→ Task goal
Write out the data exactly, please, and omit the pictures.
*** Data shown ***
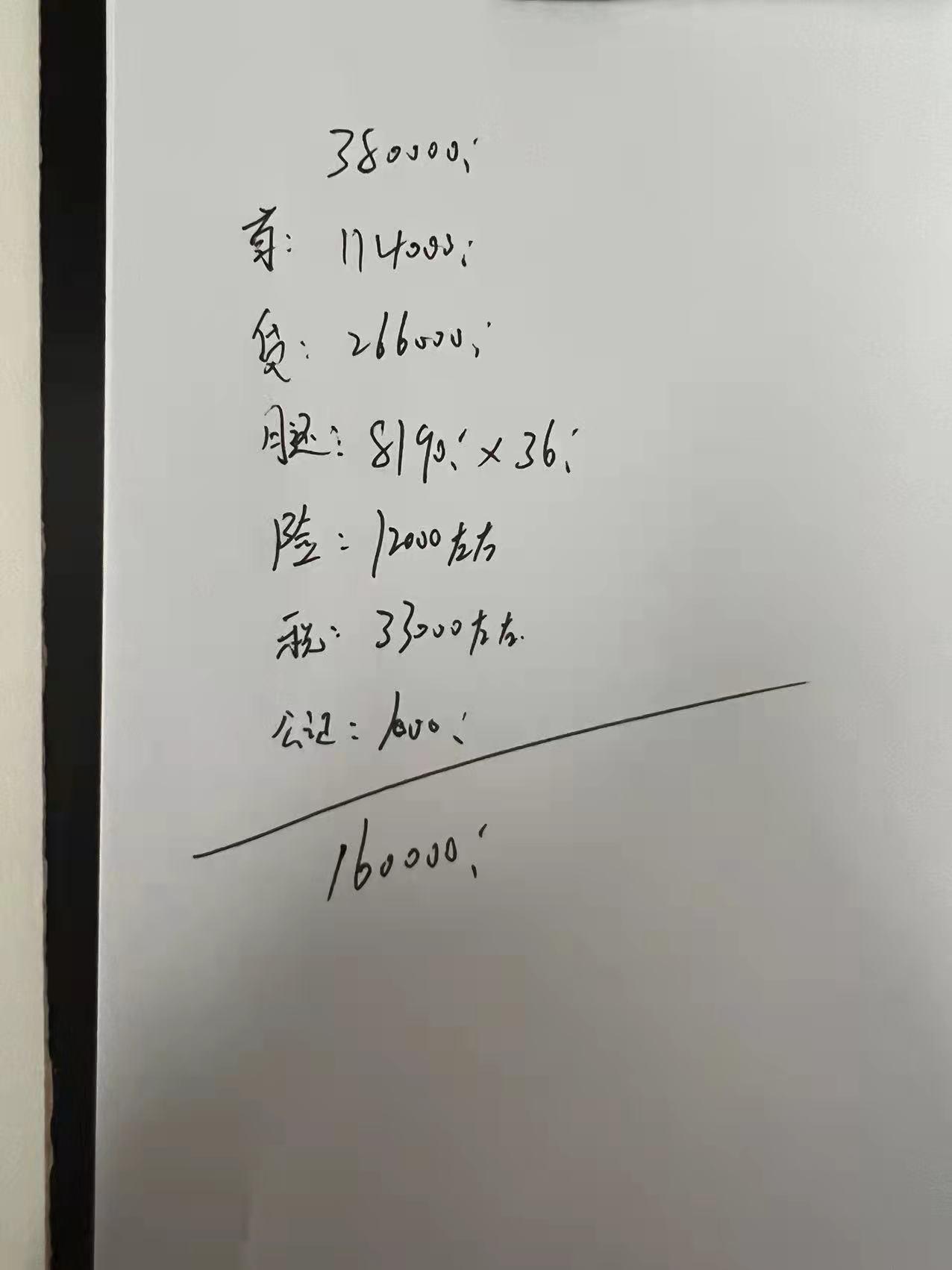 奥迪A6L A6   45动感两驱   这个价格怎么样？来个大佬指点一二！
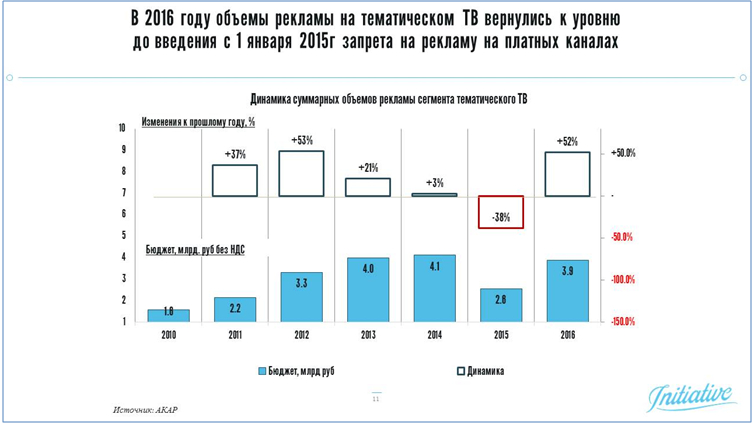 анализ кабельного рынка россии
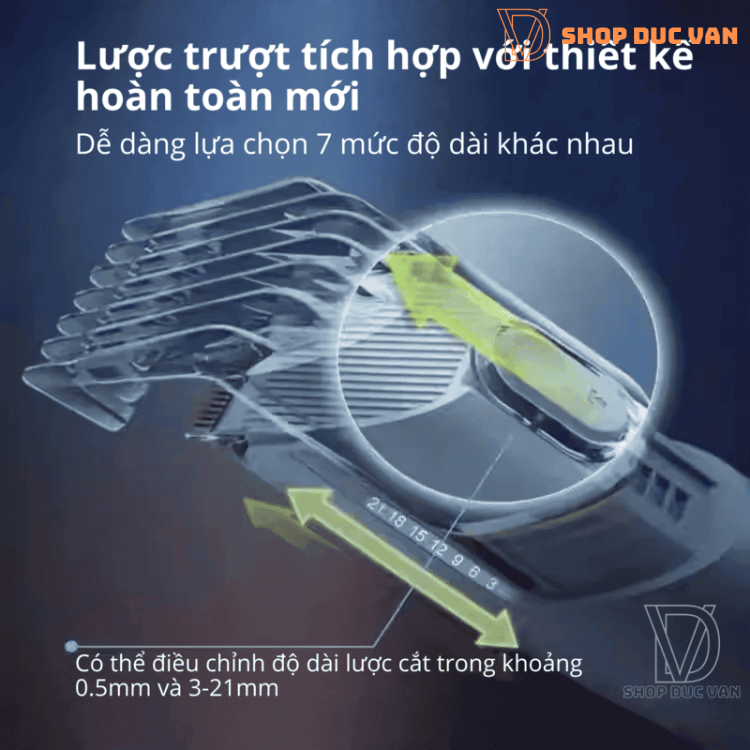 Tông Đơ Cắt Tóc Philips HC3688 Chính Hãng, Hớt Tóc Dành Cho Gia Đình, Trẻ Em Sạc Type C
*** End of Data shown ***
→ Finished exercise
 奥迪A6L A6   45动感两驱   这个价格怎么样？来个大佬指点一二！
 анализ кабельного рынка россии
 Tông Đơ Cắt Tóc Philips HC3688 Chính Hãng, Hớt Tóc Dành Cho Gia Đình, Trẻ Em Sạc Type C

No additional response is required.